Just last May, Johnny Liu appeared for the first time on Taiwanese TV, acting in a late-night drama. This year he jumped up to prime time, and took on a lead role. In a very short while, Liu's tall, imposing figure and charming looks have stolen the heart of many a female viewer. But few people know that he once weighed a hefty 110 kilos. How did he manage to shed those pounds? And how did he manage to step out from under the shadow of his famous thespian father Liu Shang-chian, and forge his own way?
My parents always felt that a child had to chubby to be healthy. From when I was nine years old, right up until the time I started trying to break into show business, they always stuffed me up nice and plump. At one point I was an enormous 110 kilos. In the past, maybe my friends just thought I was cute, but nobody thought of me as handsome. When I was in my teens, I went along with my younger sister to Japan, where she was developing her career in the performing arts. I once told my sister's music teacher that I wanted to get into showbiz too. He told me jokingly that if I stayed in Japan and got into Sumo, my chances would be better.
Maybe because I had contact with entertainment circles since I was a child, I always had aspirations to get into this line of work. When I was fat, I used to look into the mirror and cover up both of my cheeks with my hands, imagining how I'd look if I were thin. Because all the men in our family are handsome, I was confident that after I lost weight, I wouldn't look half bad either.
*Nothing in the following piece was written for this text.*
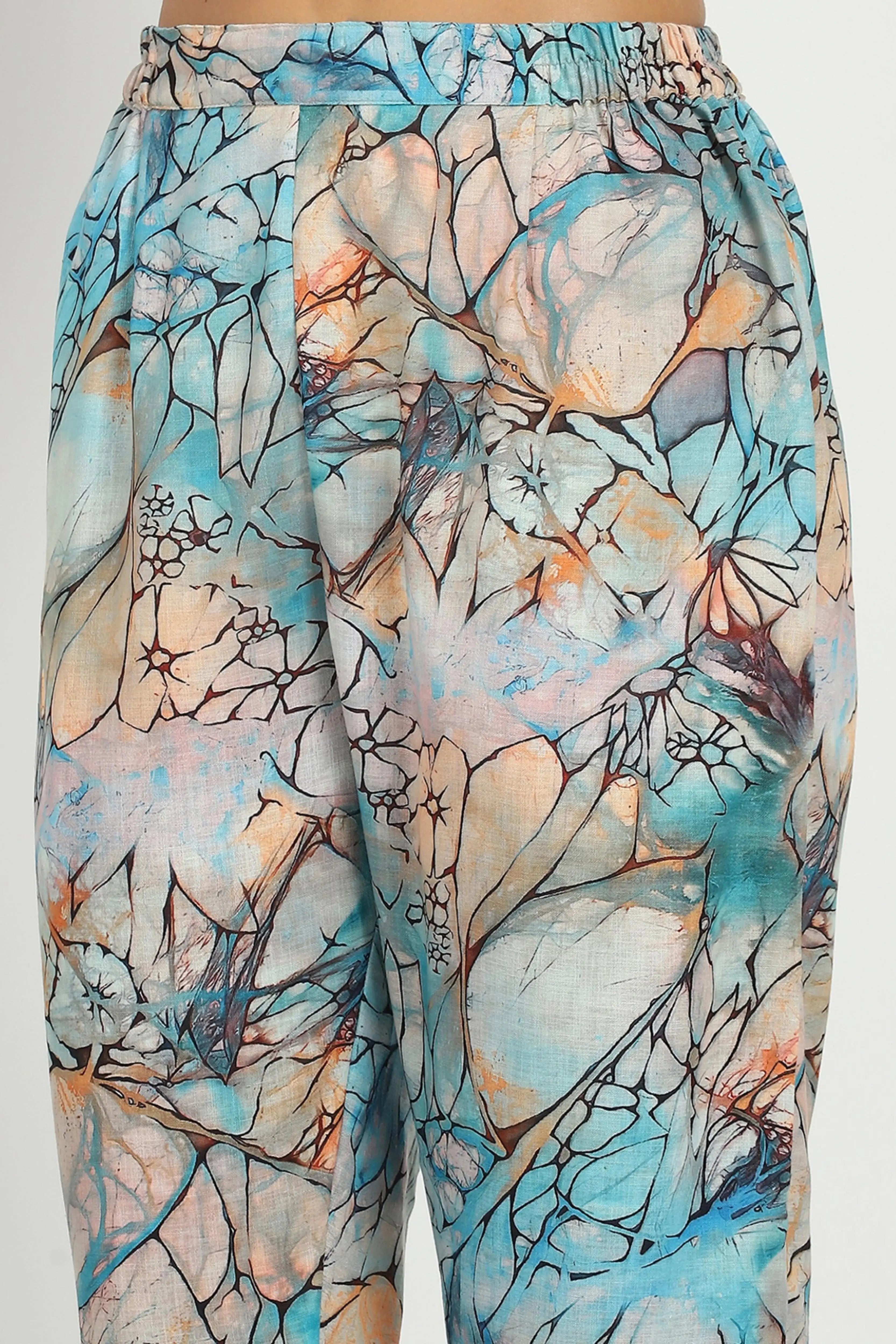 Multicolored Abstract Rayon Kurta Set - Global Republic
Starting from when I did my military service, I actively worked at losing weight. Once I lost eight kilos in a single month. After I got out of the military, I went to acting classes at Central Motion Pictures, to strengthen my performance skills. I always felt that to succeed I had to rely on my own hard work. So not only was my father's fame in showbiz not a help in my career, I even viewed it as a burden. A lot of whispering goes on in the entertainment world. If people view you as someone who's trying to ride in on his father's coattails, they're quick to look down on you, and you'll find it hard to get ahead. So when I started losing weight, my family still didn't know the reason why. Only after my mother saw a receipt for my acting class tuition did she realize how committed I was.
I'm confident about my looks, but in the entertainment world, appearance isn't necessarily a prerequisite for becoming popular. Entertainers are like products. Appearance only counts for 40% of their chances for success. The other 60% depends on management, planning and publicity. Luckily, I was able to sign up with Trans-World Television Production, a management company that's well-known in Taiwan. Up to now, the company's efforts and my own seem to have had pretty good results.
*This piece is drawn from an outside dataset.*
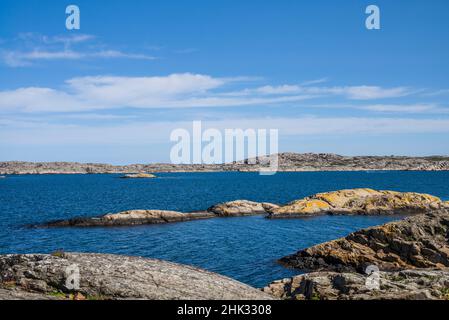 Suède, Bohuslan, île de Tjorn, Ronnang, côte rocheuse Banque D'Images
Appearance is a gift from heaven. But other people will demand a lot of you because of it. When I was acting in CTC's late-night drama "Woman Romance," the director paid close attention and increased my sense of pressure. And because I knew clearly how much the director cared, I had even higher expectations for myself. It turned out that after we finished shooting the series, I'd been roaring so loudly that my throat was almost completely hoarse.
Because I became famous so quickly, I encountered lots of difficulties. For example, now that I'm acting in CTS's prime-time "Chi Hsiang and Ju Yi," some critical vibes have come across the Internet, saying that I've stolen the role of the hero from Chiao En-chun, an actor of the older generation. Now I'm able to take criticism like that in my stride. Before I got popular, I felt a lot of pressure, and I couldn't relax. But in fact this proves that everything was already in my plan: To start my career at 24, and become a star by 25. The efforts I made in advance and my psychological preparation allowed me to succeed, and to be more and more confident. Now my plan is to become an international-level entertainer throughout Asia by the time I'm 27, and my company supports my move in this direction.
A lot of people find it hard to adjust to how fast my appearance has changed. My ex-girlfriend, for instance, didn't like the way I looked when I turned thin, and broke up with me. That shows me that outward appearances can't accomplish everything for you. Everything has to be done by modestly communicating with people.
I don't have any plans to pose for a racy photo album. If I were in a movie and they wanted me to do a scene in the nude, it wouldn't be a problem. But I don't think that a photo album would a way to express the ideal of male beauty. Maybe the Japanese pop idol Miyazawa Rie can express her own pure esthetic appeal through a photo album, but for a man to convey that kind of natural feeling through still photos is not an easy thing.
I think that an attractive man should be natural, healthy, humorous, and attentive to ethics and etiquette. As for outward appearances, they'll only make people like you for a while, not necessarily forever.